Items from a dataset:

----

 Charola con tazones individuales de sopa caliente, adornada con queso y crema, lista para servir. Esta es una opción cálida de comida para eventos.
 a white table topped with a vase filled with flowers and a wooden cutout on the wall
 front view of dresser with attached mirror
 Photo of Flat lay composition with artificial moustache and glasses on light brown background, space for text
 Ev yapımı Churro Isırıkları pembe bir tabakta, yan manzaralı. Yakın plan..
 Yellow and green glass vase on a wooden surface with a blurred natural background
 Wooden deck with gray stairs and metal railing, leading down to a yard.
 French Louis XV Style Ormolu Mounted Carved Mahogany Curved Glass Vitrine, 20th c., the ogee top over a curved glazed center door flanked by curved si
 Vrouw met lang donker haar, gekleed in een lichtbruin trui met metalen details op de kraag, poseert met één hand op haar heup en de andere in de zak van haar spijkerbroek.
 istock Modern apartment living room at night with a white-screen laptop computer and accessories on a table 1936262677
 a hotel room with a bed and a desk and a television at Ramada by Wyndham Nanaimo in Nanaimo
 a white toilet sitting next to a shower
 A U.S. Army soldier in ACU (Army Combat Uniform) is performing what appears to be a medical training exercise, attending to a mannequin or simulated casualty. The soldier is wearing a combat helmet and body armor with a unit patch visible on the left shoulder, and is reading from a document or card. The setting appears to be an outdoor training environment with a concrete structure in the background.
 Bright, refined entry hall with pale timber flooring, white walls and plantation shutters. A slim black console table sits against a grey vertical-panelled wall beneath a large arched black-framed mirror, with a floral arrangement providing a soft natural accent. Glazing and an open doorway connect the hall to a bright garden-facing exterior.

----

Task directions: Retype each entry exactly, missing none.

Output:
 Charola con tazones individuales de sopa caliente, adornada con queso y crema, lista para servir. Esta es una opción cálida de comida para eventos.
 a white table topped with a vase filled with flowers and a wooden cutout on the wall
 front view of dresser with attached mirror
 Photo of Flat lay composition with artificial moustache and glasses on light brown background, space for text
 Ev yapımı Churro Isırıkları pembe bir tabakta, yan manzaralı. Yakın plan..
 Yellow and green glass vase on a wooden surface with a blurred natural background
 Wooden deck with gray stairs and metal railing, leading down to a yard.
 French Louis XV Style Ormolu Mounted Carved Mahogany Curved Glass Vitrine, 20th c., the ogee top over a curved glazed center door flanked by curved si
 Vrouw met lang donker haar, gekleed in een lichtbruin trui met metalen details op de kraag, poseert met één hand op haar heup en de andere in de zak van haar spijkerbroek.
 istock Modern apartment living room at night with a white-screen laptop computer and accessories on a table 1936262677
 a hotel room with a bed and a desk and a television at Ramada by Wyndham Nanaimo in Nanaimo
 a white toilet sitting next to a shower
 A U.S. Army soldier in ACU (Army Combat Uniform) is performing what appears to be a medical training exercise, attending to a mannequin or simulated casualty. The soldier is wearing a combat helmet and body armor with a unit patch visible on the left shoulder, and is reading from a document or card. The setting appears to be an outdoor training environment with a concrete structure in the background.
 Bright, refined entry hall with pale timber flooring, white walls and plantation shutters. A slim black console table sits against a grey vertical-panelled wall beneath a large arched black-framed mirror, with a floral arrangement providing a soft natural accent. Glazing and an open doorway connect the hall to a bright garden-facing exterior.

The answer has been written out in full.